What to produce:
In the records below, find the line containing "Brasilien kartografiert Grenze" and print it and every line after it exactly, through the end. Skip pictures.

Collected data entries:

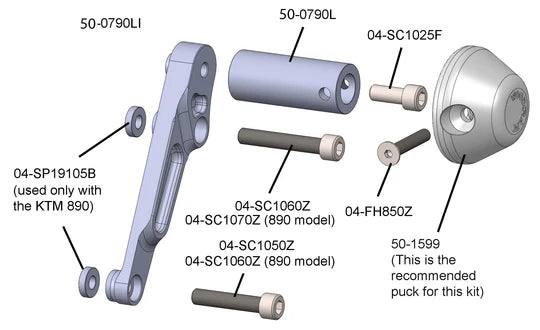 Woodcraft Frame Slider Kit KTM Duke 790/890 2018-2024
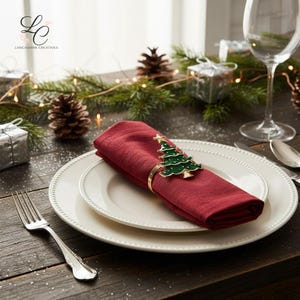 Christmas Tree Napkin Rings | Metal Holiday Table Decor (12Pcs)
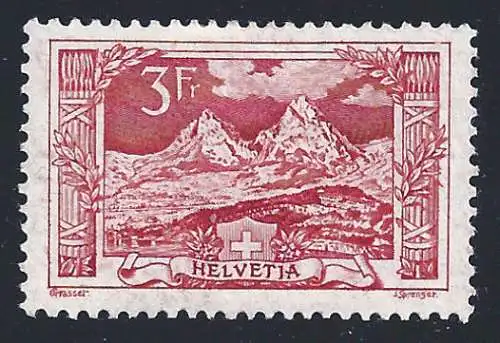 1916-22 SCHWEIZ, Nr. 167, 3 Franken Rot, ANSICHT, MLH * SPRACHLOS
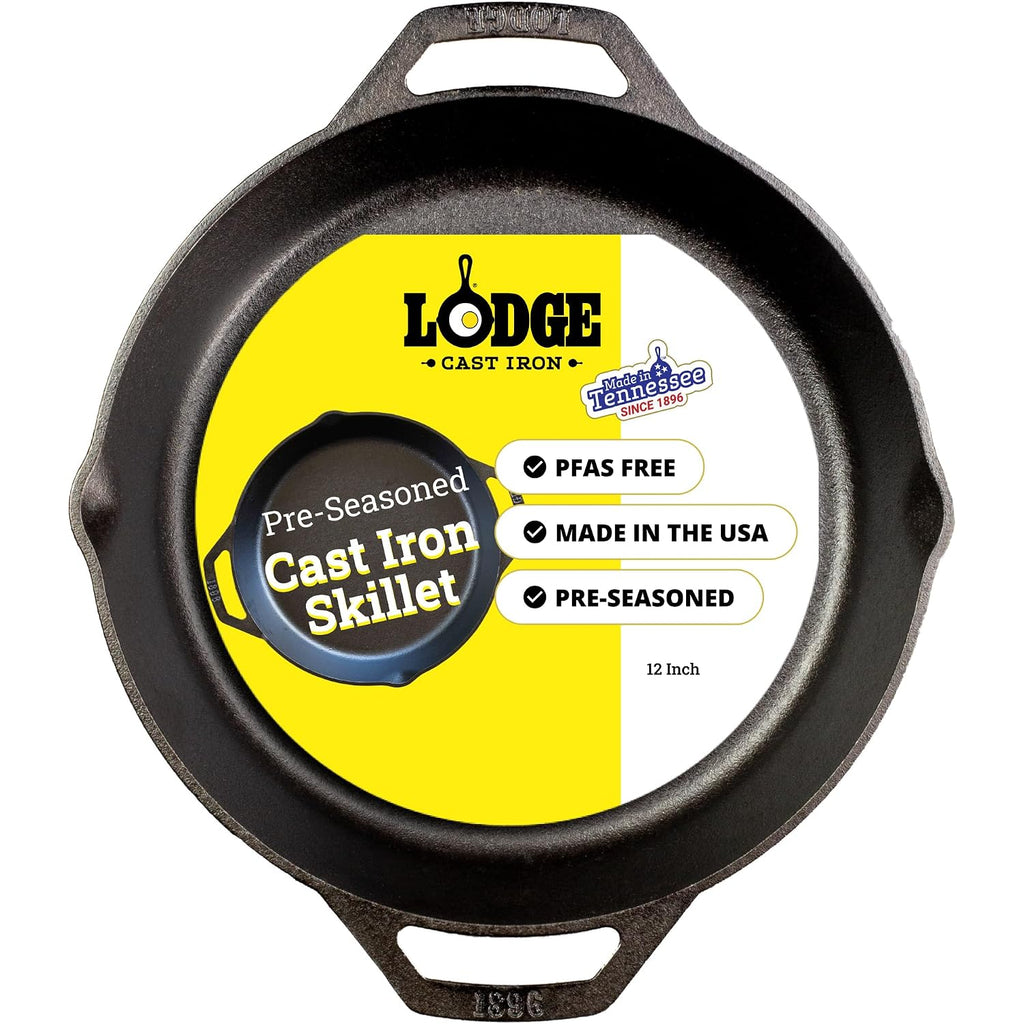 Lodge L10Skl Cast Iron Dual Handle Pan, 12 Inch, Black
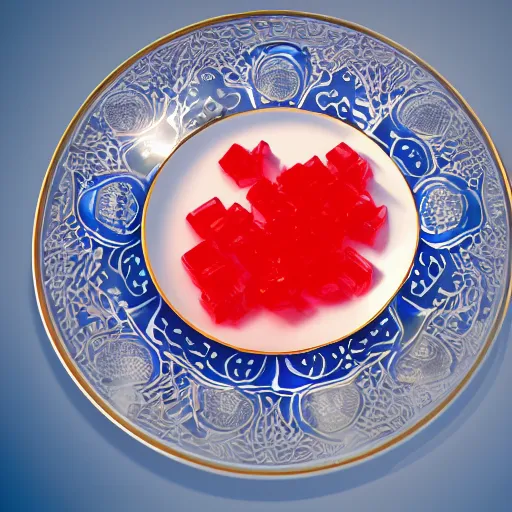 Image similar to cubes of translucent red jelly on a blue and white intricately decorated china plate lit by bright god rays, hyper realistic, 8k, octane render, glistening, shimmering, raycasting, refraction, award winning digital art, masterpiece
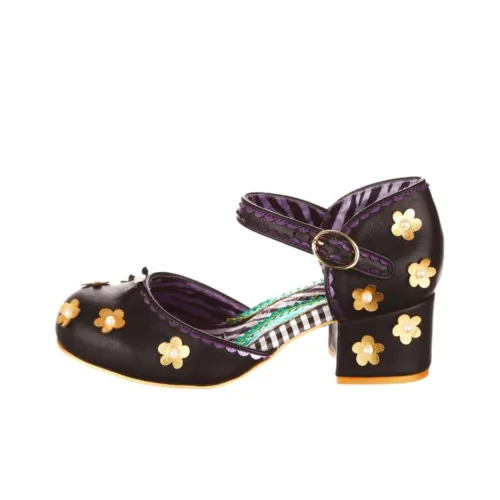 IRREGULAR CHOICE Mervelyn Грубый каблук Туфли Мэри Джейн 5 см Женские Черные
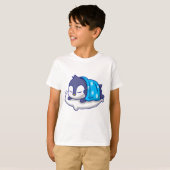 Slaapppinguïn kinder shirt met korte beschermhoes (Voorkant volledig)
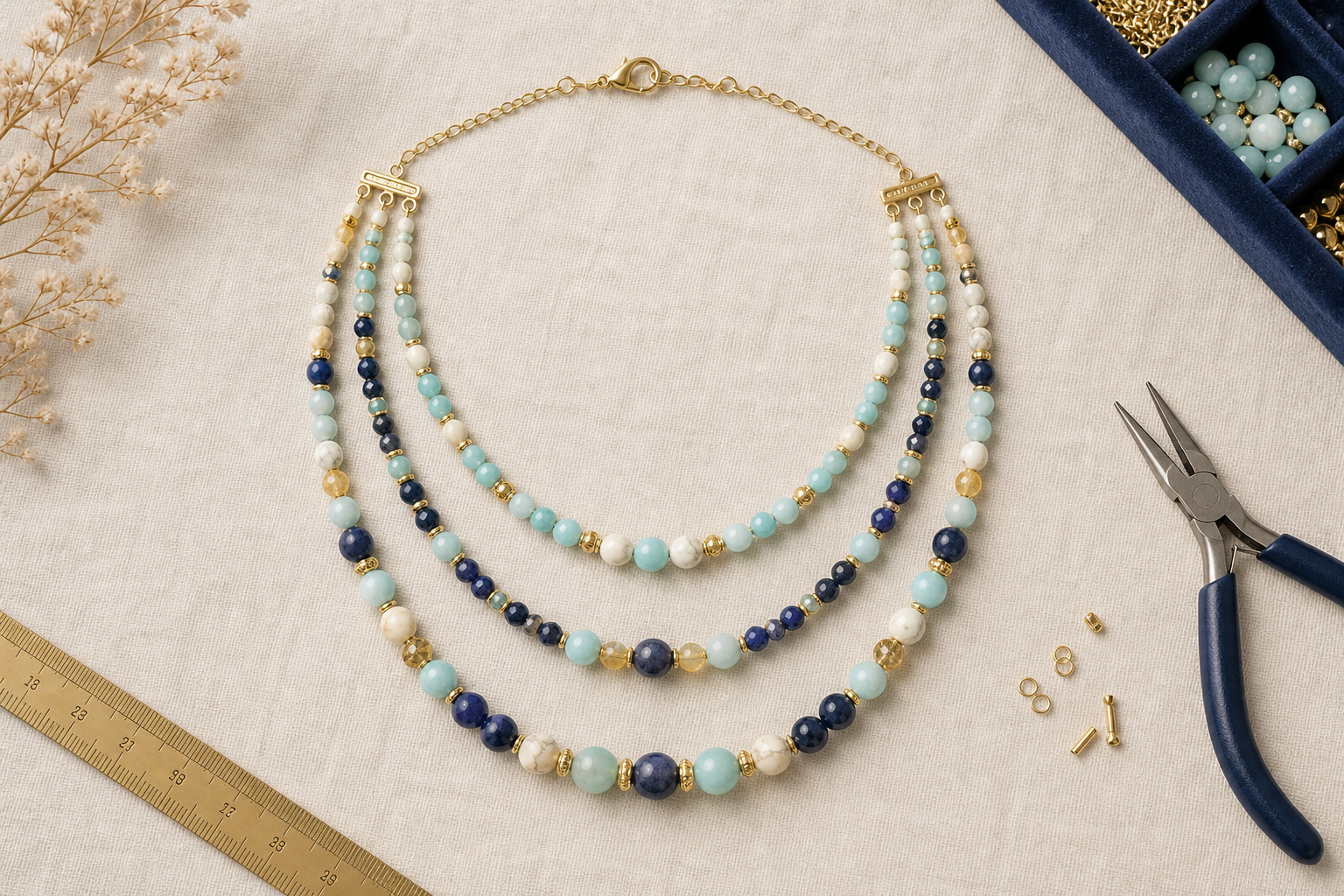 Collier de perles naturelles à trois rangs gradués et séparés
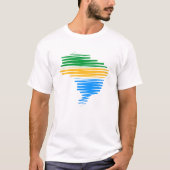 Brasilien kartografiert Grenze mit brasilianischen T-Shirt (Vorderseite)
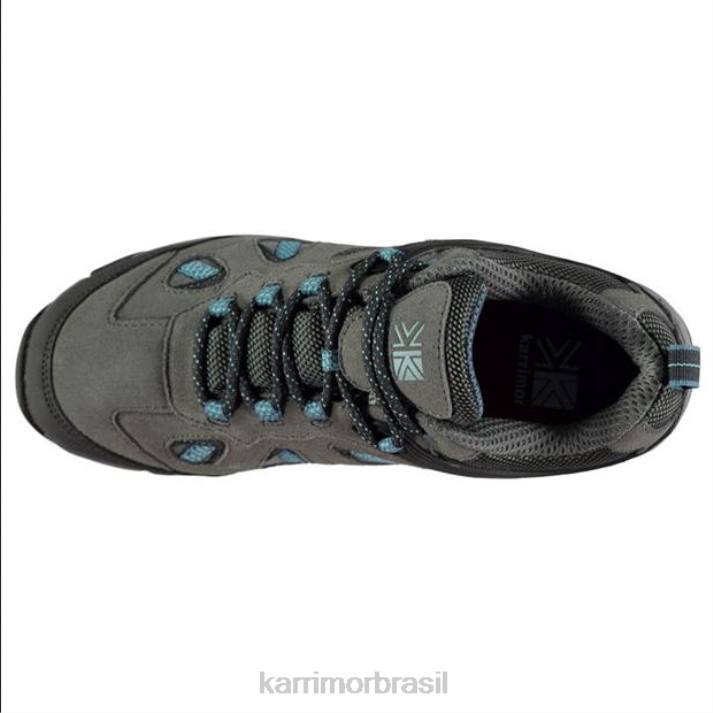 Karrimor mulheres sapatos de caminhada impermeáveis ​​baixos aspen carvão/azul calçados 8222101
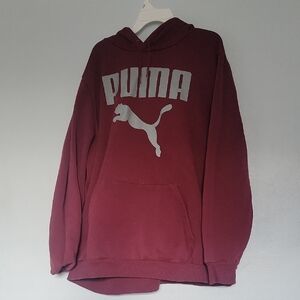 PUMA Men's Maroon Hoodie with Logo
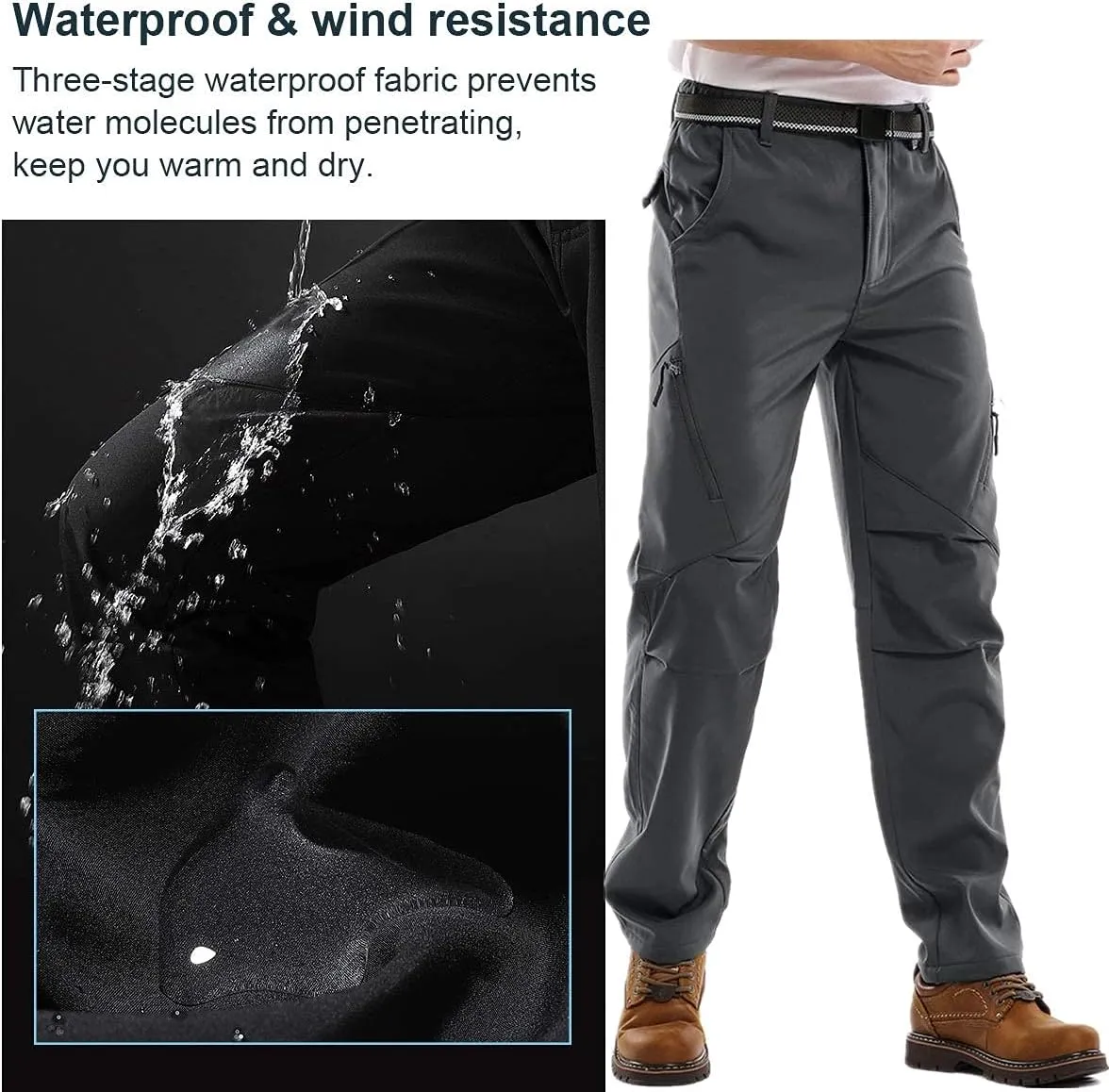 Jessie Kidden Mens Waterproof Hiking Pants, Outdoor Snow Ski Fishing Fleece Lined Insulated Soft Shell Winter Pants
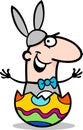 Man in easter bunny costume cartoon Royalty Free Stock Photo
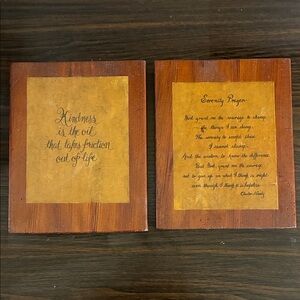 Lot of 2 Vintage Wooden Handmade Decor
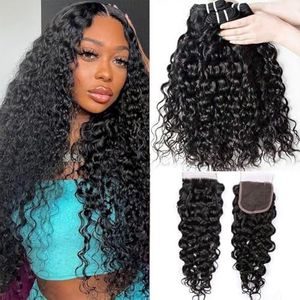 Curly Human Hair Bundles with Closure Water Weave Bundles Human Hair 100% Unprocessed Brazilian Virgin Hair Bundles with 4x4 Closure 14 16 18+12 inch Natural Black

Result of the exercise:
 Brasilien kartografiert Grenze mit brasilianischen T-Shirt (Vorderseite)
 Karrimor mulheres sapatos de caminhada impermeáveis ​​baixos aspen carvão/azul calçados 8222101
 PUMA Men's Maroon Hoodie with Logo
 Jessie Kidden Mens Waterproof Hiking Pants, Outdoor Snow Ski Fishing Fleece Lined Insulated Soft Shell Winter Pants
 Man in easter bunny costume cartoon Royalty Free Stock Photo
 Lot of 2 Vintage Wooden Handmade Decor
 Curly Human Hair Bundles with Closure Water Weave Bundles Human Hair 100% Unprocessed Brazilian Virgin Hair Bundles with 4x4 Closure 14 16 18+12 inch Natural Black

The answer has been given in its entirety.